Paper and Fire (The Great Library #2)

Jess took up a leaning spot on the wall. Wolfe paced, of course, as was his usual habit. Khalila and Thomas sat, quietly watching him. Santi poured Jess a cup of wine, and Jess took a sip before he asked, “So, what’s this?”


“This is us planning what to do,” Santi said. “It’s not going very well. Considering that no matter what we do, there’s very little chance we can break free of this tower, and none at all we will get out of Alexandria alive if we do.”

“Nic.”

“There’s no point in planning when we’re too tired to think,” he said quite reasonably. “Your mother’s not likely to hand us over immediately, is she? Or have us knifed in our beds?”

“No,” Wolfe said. He kept pacing, hands restlessly tugging at his robe. “Hardly her style.”

“In that case, I have some news,” Santi said. “Zara might not be a friend to me any longer, but I do have some in the High Garda I can rely on. I asked them to let me know if anyone matching Dario’s description was captured either in Rome or elsewhere. There have been no arrests. He made it out of Rome safely, I believe.”

Khalila let out a trembling breath and whispered a prayer of thanks.

“Glain’s doing well,” Jess said. “She should be strong enough to join us tomorrow.”

“Or will join us, anyway?” Wolfe asked. “Yes, I know the girl. She won’t stay in that bed long.”

“And Morgan?” Thomas looked at Jess and raised his eyebrows. “She’s all right?”

“Yes. She’s all right. I saw her to her room.”

“Morgan’s in no danger at all here, at least not the kind we’re in,” Wolfe said. “Her problem is more desperate, but less violent. We have a day, two at most, before the Archivist himself arrives at the Tower, and once he does, my mother won’t have a choice but to hand us over. She can turn the Artifex away. Not the head of the Great Library.”

“Then we need to leave,” Thomas said. “Perhaps the Obscurist will send us away to safety?”

“She says she will,” Wolfe said. “I don’t know if I believe her. My mother’s ever been in pursuit of her own agenda. Sentiment doesn’t often enter the equation.”

Like mother, like son, Jess thought, but had the sense not to say it. “Any other way out of here?” he asked, but he already knew the answer. If there had been, Morgan wouldn’t have been here as long as she had.

“It’s possible,” Khalila said slowly. “I’ve been researching the Iron Tower for months. I was doing it for Morgan, in case I could find any way to get her out safely. Just before we left, I found something strange in the records. Very strange. I took notes, but I didn’t have a chance to verify the research.”

“And?” Wolfe asked, and she blushed a little.

“Just a moment.” She turned, and Jess thought she was retrieving something from a hidden pocket in her dress. Or under it. She handed over a single sheet of paper to Wolfe. “It’s coded. Dario created the cipher for me. Do you need the key?”

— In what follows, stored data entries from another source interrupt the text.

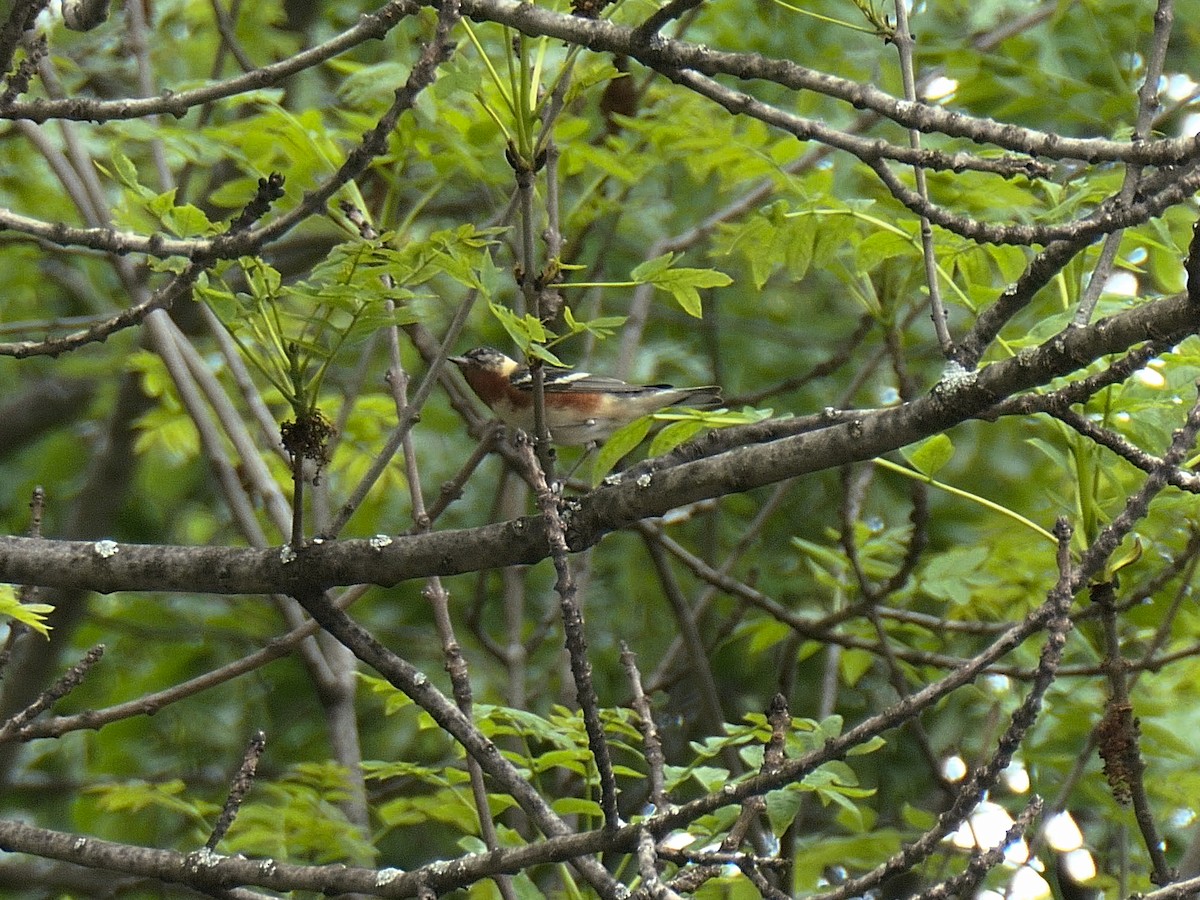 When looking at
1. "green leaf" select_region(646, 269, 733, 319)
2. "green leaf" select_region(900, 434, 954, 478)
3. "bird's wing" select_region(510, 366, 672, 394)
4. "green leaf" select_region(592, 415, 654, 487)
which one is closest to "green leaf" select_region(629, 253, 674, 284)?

Jess gestured for the page, and Wolfe passed it along. Jess blinked. “When did he make the code for you?”

“When? Just a few days ago. He said we’d be better off that way. Why?”

Jess felt himself smiling tightly; how like Dario to do something smart and at the same time demonstrate his arrogance. “Because I recognize it. It’s my family’s code.”

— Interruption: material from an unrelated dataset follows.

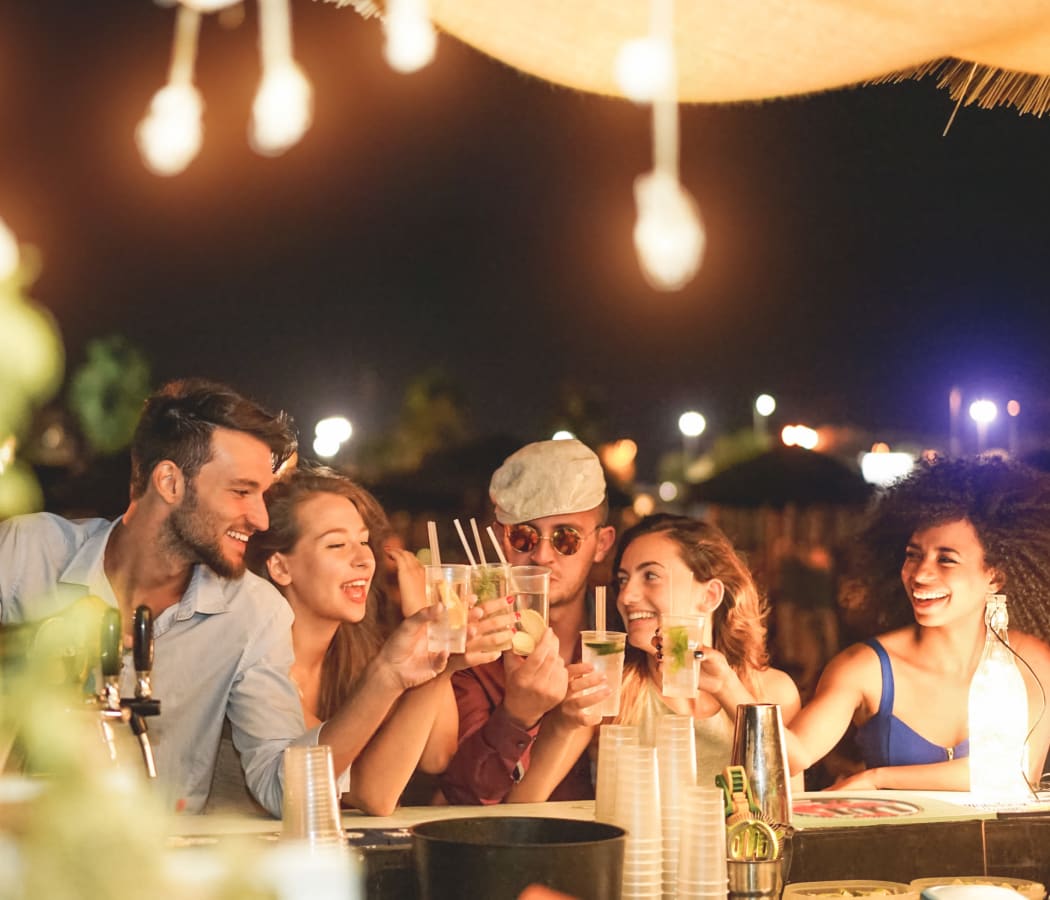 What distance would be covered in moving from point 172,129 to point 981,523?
364 cm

“Don’t tell me Dario’s a long-lost cousin!”

“Just an ass,” Jess said. “He asked me about the code once. I told him it was unbreakable. So of course he broke it. And now he’s using it. Idiot.”

“The contents?” Wolfe prompted impatiently. Santi, who’d said nothing, pushed himself off the wall he’d been holding up to stand next to them.

“There’s a hidden section in the Iron Tower. Several floors unaccounted for in all of the records that exist. What’s above the garden level, where the Translation comes in?”

Wolfe frowned. “Nothing. That’s the top of the Tower.”

“No, that isn’t true,” Thomas said. His eyes turned blank, the way they did as he performed calculations Jess couldn’t even fathom inside his head. “There must be at least four more floors above it. Possibly five.”

“Morgan would have found it by now. She’s had nothing but time to look!”

Jess sent Wolfe a warning look. “If Thomas says it’s there, it’s there. Perhaps we could hide in these hidden floors. Perhaps there’s even an escape of some kind there.”

“Don’t you think if there was a way upstairs, someone else would have found it by now?”

Wolfe hadn’t said anything, but he looked over their heads at Santi, who raised his eyebrows.

“We can try,” he said. “But I have a feeling that anything that’s secret inside the Iron Tower may be a great deal deadlier than it looks.”